### Information supplied
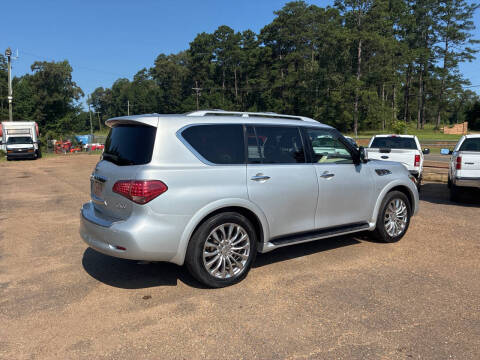 2016 Infiniti QX80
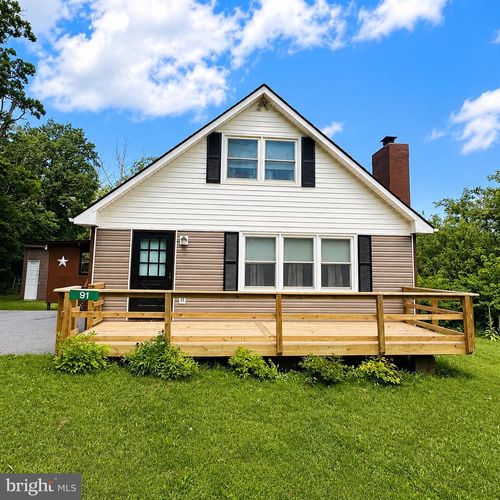 91 Lower View Rd, STRASBURG, VA, 22657-5537 | Card Image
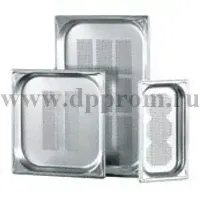 Гастроемкость RATIONAL GN 1/1 90ММ Перфорированная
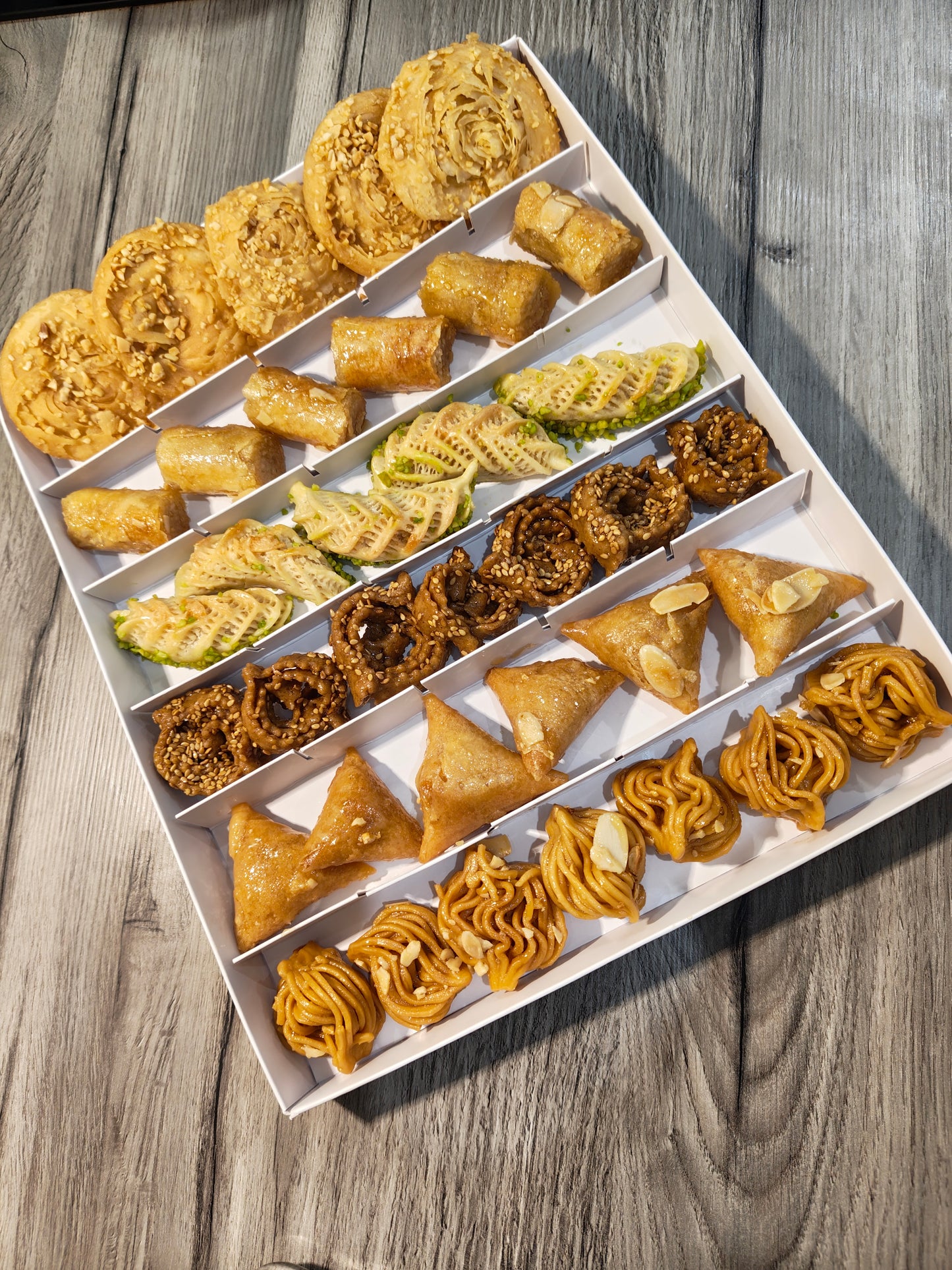 Ramadan tray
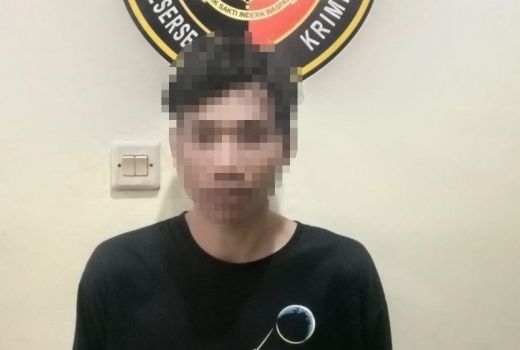 Syukur, Jambret di BIL Diringkus Polisi - GenPI.co NTB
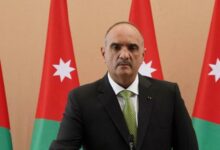 رئيس الوزراء الأردني: لدينا اهتمام بدعم إستقرار لبنان وإعادة نهضته 112112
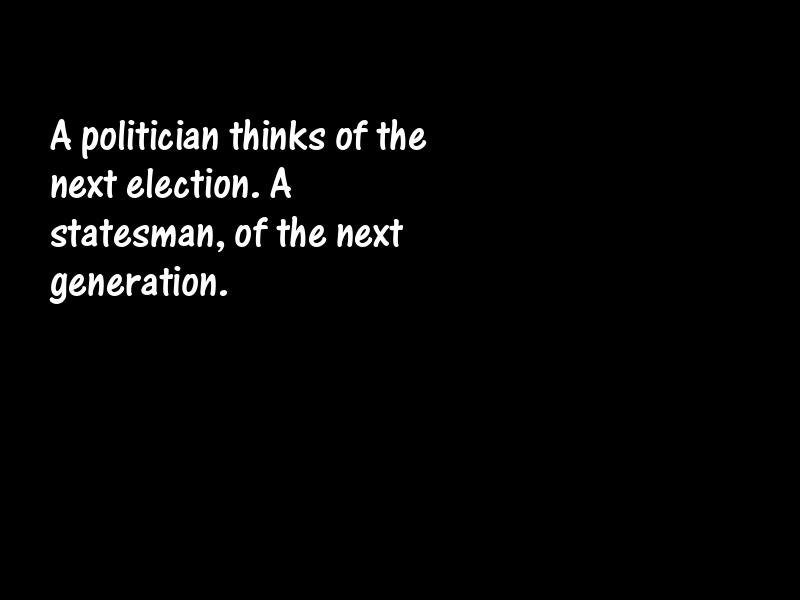 Politics Motivational Quotes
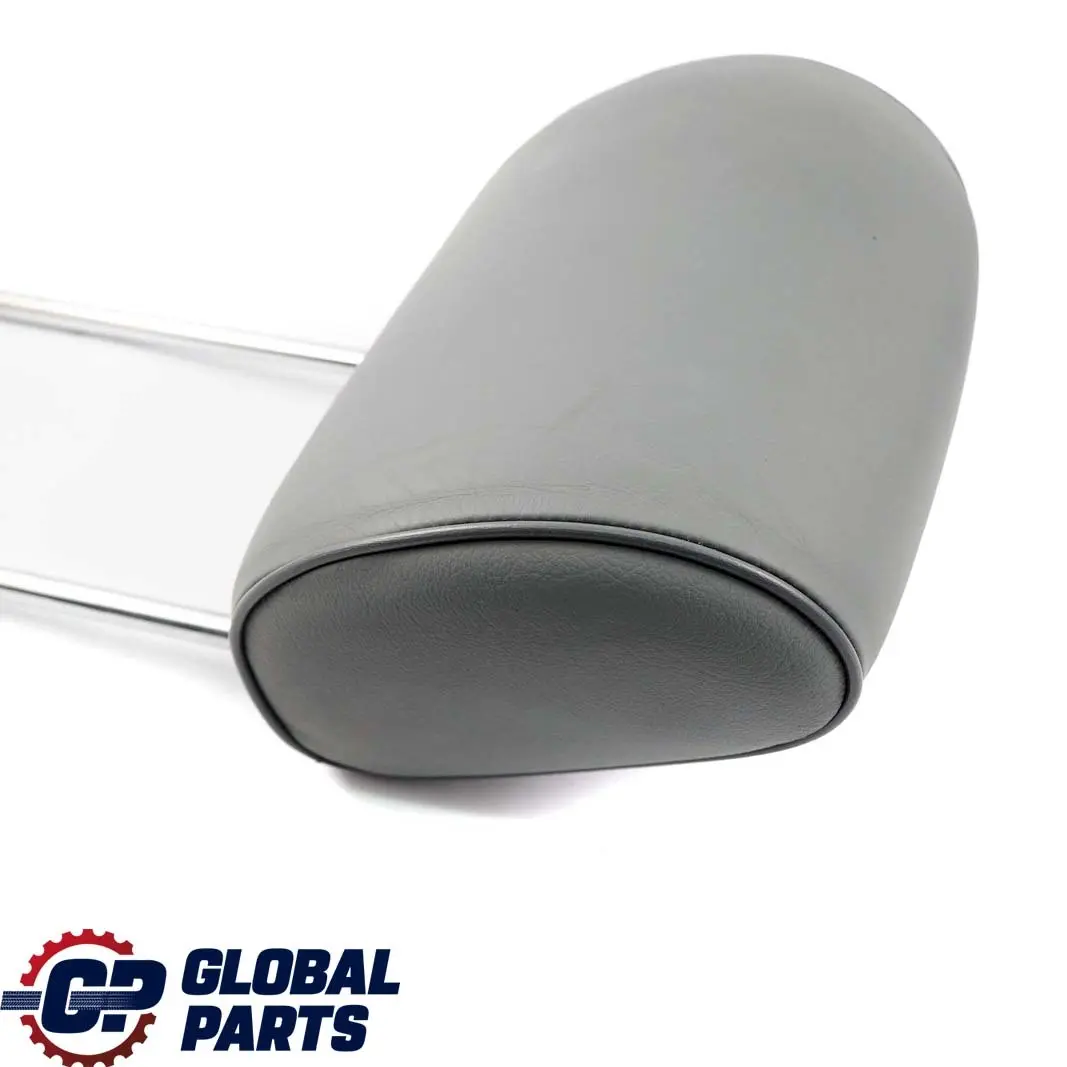 Asiento Delantero Reposacabezas Cuero Gris para Mercedes S210 W210 Estate con número de pieza A2109704450 Mercedes S210 W210 Estate Asiento Delantero Reposacabezas Cuero Gris - SKU A2109704450-1 - Número de pieza A2109704450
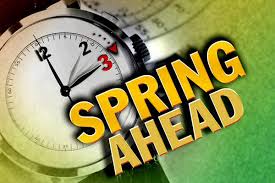 spring forward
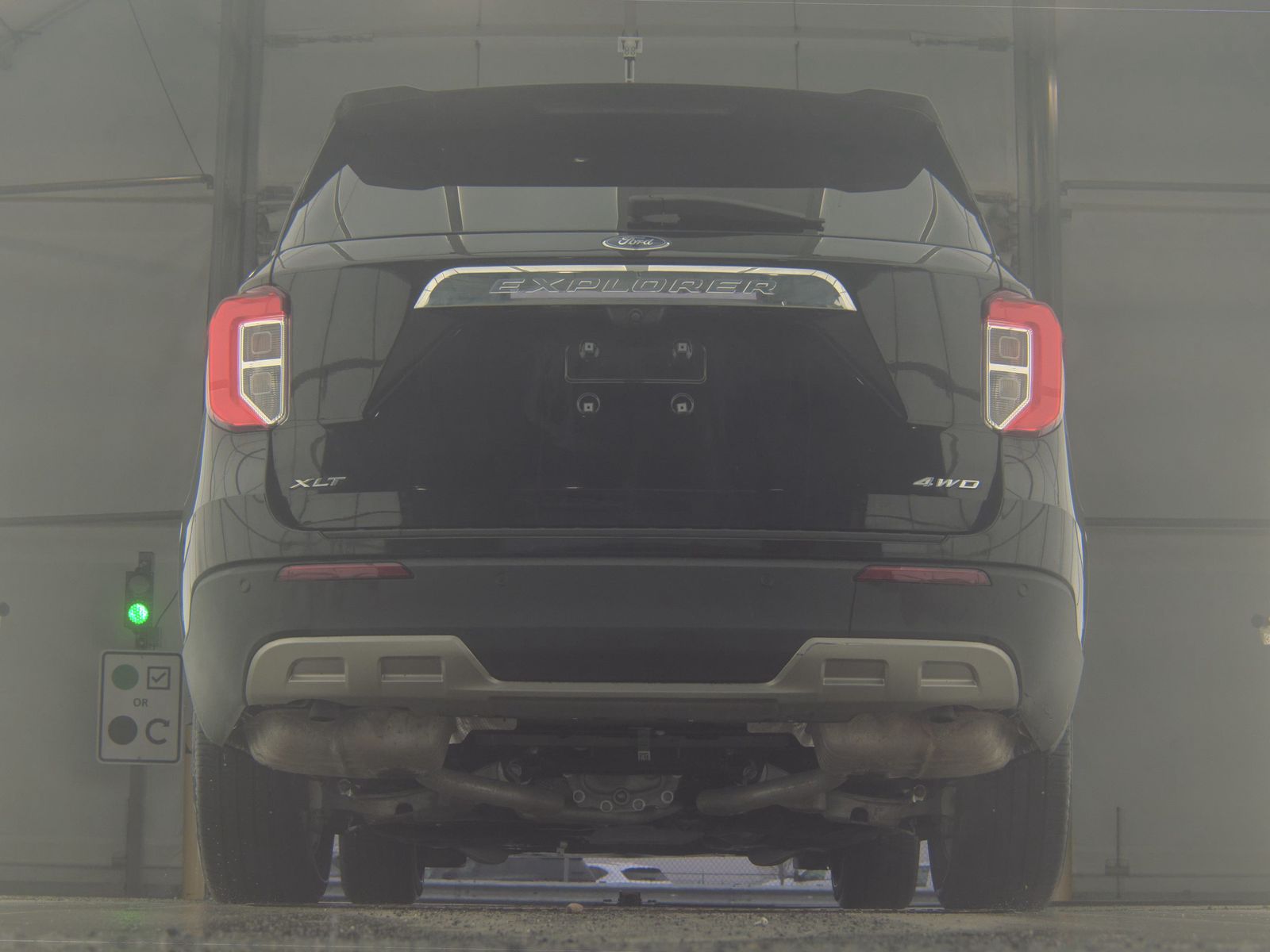 2022 Ford Explorer XLT AWD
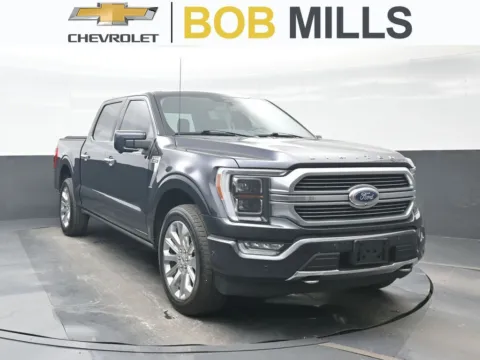 Unknown 2022 Ford F-150 Limited for sale in Darlington, SC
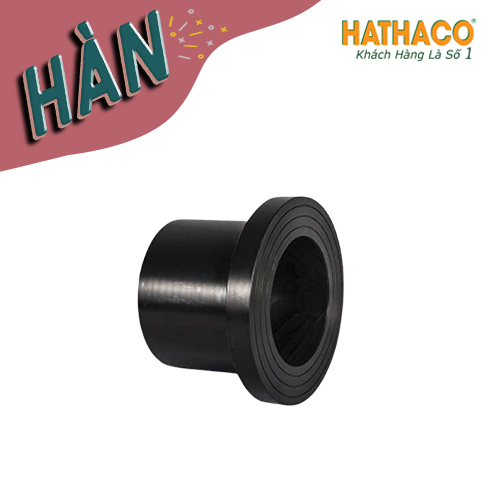 Mặt bích hàn 110 dùng cho ống hdpe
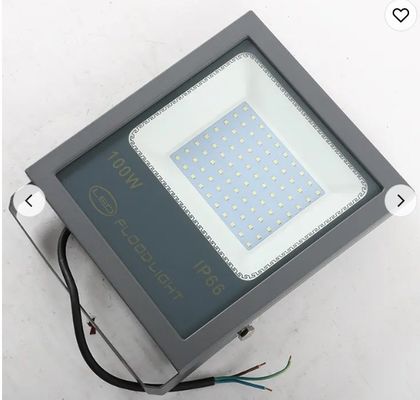 5 IP65 Slim Outdoor 30W 50W 100W 150W 200W LED Flood Light per soluzioni di illuminazione esterna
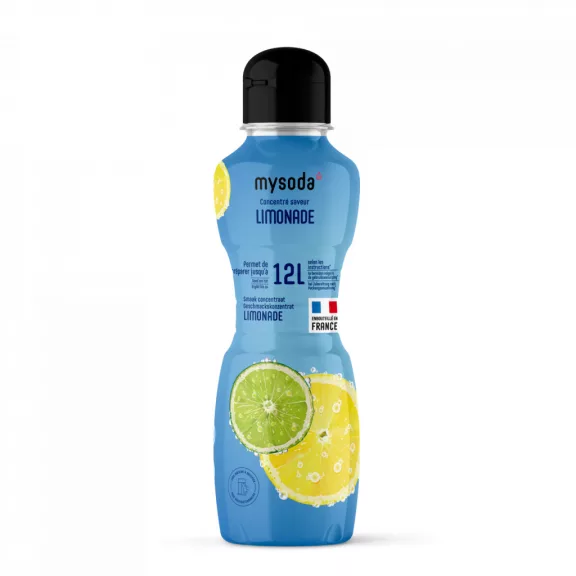Mysoda Szörp, Limonádé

### Work to complete
Return the listing exactly as it appears, excluding any image.

### Result of the task
 2016 Infiniti QX80
 91 Lower View Rd, STRASBURG, VA, 22657-5537 | Card Image
 Гастроемкость RATIONAL GN 1/1 90ММ Перфорированная
 Ramadan tray
 Syukur, Jambret di BIL Diringkus Polisi - GenPI.co NTB
 رئيس الوزراء الأردني: لدينا اهتمام بدعم إستقرار لبنان وإعادة نهضته 112112
 Politics Motivational Quotes
 Asiento Delantero Reposacabezas Cuero Gris para Mercedes S210 W210 Estate con número de pieza A2109704450 Mercedes S210 W210 Estate Asiento Delantero Reposacabezas Cuero Gris - SKU A2109704450-1 - Número de pieza A2109704450
 spring forward
 2022 Ford Explorer XLT AWD
 Unknown 2022 Ford F-150 Limited for sale in Darlington, SC
 Mặt bích hàn 110 dùng cho ống hdpe
 5 IP65 Slim Outdoor 30W 50W 100W 150W 200W LED Flood Light per soluzioni di illuminazione esterna
Mysoda Szörp, Limonádé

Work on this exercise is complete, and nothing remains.